> **Activity**
Copy whichever lines of the data hold the word "Verzenden".

> **Available records**
*-*-*

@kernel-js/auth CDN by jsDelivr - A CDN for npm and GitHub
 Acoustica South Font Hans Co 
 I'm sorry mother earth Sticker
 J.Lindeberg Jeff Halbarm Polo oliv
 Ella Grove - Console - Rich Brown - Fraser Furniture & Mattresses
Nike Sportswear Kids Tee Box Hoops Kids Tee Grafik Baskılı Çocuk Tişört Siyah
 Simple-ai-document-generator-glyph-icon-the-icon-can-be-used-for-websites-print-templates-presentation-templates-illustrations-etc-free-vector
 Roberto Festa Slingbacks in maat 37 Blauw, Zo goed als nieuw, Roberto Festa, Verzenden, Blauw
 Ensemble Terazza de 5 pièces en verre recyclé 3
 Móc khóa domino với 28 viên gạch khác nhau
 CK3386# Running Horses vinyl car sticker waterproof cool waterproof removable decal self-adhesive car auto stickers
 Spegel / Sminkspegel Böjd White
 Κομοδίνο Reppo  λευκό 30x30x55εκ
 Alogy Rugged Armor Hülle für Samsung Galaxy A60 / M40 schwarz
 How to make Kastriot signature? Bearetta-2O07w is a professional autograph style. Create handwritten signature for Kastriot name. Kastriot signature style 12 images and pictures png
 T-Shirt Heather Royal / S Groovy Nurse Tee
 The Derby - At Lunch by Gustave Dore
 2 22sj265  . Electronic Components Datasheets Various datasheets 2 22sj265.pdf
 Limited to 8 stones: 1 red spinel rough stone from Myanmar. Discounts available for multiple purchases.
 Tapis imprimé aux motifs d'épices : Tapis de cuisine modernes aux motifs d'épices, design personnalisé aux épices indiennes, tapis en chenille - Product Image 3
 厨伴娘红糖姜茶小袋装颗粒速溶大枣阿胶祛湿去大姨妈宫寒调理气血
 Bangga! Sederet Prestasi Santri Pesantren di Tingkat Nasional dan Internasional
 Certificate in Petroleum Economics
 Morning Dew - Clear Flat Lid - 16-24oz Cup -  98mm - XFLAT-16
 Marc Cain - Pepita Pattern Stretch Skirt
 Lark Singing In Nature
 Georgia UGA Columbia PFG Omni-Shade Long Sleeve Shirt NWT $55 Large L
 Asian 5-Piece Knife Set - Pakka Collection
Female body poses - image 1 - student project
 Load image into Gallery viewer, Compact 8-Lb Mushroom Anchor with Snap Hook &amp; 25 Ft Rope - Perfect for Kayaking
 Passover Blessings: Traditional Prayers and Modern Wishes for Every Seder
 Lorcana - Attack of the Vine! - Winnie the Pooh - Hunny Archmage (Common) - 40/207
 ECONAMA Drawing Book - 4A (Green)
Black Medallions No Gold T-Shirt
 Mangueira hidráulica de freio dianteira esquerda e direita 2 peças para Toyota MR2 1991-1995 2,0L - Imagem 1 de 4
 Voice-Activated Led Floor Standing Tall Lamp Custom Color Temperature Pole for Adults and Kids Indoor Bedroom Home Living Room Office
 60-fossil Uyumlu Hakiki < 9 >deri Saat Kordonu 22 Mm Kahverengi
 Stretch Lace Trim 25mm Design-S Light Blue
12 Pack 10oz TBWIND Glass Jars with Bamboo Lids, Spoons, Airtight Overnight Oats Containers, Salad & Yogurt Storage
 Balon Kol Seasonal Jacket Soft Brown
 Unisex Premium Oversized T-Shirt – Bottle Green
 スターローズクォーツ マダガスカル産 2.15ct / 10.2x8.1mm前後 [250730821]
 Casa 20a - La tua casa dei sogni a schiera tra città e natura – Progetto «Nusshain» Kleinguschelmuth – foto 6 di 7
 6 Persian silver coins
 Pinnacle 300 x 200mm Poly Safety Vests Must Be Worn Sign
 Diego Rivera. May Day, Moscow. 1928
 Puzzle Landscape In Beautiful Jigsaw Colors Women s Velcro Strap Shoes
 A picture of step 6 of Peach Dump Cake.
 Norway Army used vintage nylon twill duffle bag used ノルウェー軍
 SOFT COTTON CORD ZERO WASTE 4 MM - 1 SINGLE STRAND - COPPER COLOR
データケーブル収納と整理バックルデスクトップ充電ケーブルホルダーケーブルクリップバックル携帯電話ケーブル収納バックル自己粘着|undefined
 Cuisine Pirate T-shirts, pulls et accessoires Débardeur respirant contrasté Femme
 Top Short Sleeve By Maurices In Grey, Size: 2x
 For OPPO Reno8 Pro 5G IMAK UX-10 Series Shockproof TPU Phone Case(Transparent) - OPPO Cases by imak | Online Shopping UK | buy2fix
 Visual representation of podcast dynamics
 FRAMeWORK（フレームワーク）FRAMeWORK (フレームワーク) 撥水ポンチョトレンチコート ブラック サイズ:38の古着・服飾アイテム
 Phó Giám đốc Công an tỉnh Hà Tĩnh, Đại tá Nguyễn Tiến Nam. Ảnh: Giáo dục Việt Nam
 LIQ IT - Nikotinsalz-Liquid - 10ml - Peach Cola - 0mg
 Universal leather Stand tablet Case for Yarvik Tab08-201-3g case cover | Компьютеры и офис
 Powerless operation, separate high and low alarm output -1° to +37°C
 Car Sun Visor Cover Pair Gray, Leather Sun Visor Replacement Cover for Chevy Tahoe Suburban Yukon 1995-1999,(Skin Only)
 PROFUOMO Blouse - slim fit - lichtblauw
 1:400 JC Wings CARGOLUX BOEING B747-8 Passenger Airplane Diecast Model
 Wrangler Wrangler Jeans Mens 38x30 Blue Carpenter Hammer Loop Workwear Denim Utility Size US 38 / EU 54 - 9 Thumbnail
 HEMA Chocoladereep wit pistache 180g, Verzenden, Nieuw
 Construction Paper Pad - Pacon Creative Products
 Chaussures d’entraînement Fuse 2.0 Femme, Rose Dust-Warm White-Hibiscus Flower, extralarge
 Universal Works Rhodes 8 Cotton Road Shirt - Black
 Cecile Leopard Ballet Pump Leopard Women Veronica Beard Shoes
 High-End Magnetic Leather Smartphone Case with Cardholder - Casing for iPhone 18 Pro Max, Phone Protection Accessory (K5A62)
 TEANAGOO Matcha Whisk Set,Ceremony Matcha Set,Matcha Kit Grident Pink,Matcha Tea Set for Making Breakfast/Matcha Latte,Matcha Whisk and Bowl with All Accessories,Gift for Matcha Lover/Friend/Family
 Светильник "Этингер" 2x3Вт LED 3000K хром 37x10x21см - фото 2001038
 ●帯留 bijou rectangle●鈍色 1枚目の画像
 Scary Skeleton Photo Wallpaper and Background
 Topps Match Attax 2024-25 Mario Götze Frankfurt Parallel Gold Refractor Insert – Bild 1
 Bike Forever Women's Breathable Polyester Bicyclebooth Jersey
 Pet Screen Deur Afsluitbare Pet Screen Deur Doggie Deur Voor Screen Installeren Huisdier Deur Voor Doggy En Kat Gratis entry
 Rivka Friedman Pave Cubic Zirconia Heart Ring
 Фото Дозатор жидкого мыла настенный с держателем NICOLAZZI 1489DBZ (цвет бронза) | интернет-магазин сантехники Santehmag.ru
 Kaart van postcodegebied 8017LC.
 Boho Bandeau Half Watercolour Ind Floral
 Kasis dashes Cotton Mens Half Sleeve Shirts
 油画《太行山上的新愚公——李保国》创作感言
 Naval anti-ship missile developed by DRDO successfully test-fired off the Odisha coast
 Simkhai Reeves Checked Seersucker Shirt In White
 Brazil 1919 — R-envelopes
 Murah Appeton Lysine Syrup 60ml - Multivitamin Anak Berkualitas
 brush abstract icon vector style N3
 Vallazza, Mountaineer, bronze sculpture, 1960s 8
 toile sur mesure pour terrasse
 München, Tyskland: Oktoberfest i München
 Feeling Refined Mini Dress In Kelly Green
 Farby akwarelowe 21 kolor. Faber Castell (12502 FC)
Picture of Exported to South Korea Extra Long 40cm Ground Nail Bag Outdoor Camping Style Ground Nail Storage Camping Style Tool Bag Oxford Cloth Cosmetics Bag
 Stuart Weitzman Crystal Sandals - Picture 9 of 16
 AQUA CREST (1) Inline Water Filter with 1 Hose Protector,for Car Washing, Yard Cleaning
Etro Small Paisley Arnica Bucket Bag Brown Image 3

*-*-*

> **Written response**
 Roberto Festa Slingbacks in maat 37 Blauw, Zo goed als nieuw, Roberto Festa, Verzenden, Blauw
 HEMA Chocoladereep wit pistache 180g, Verzenden, Nieuw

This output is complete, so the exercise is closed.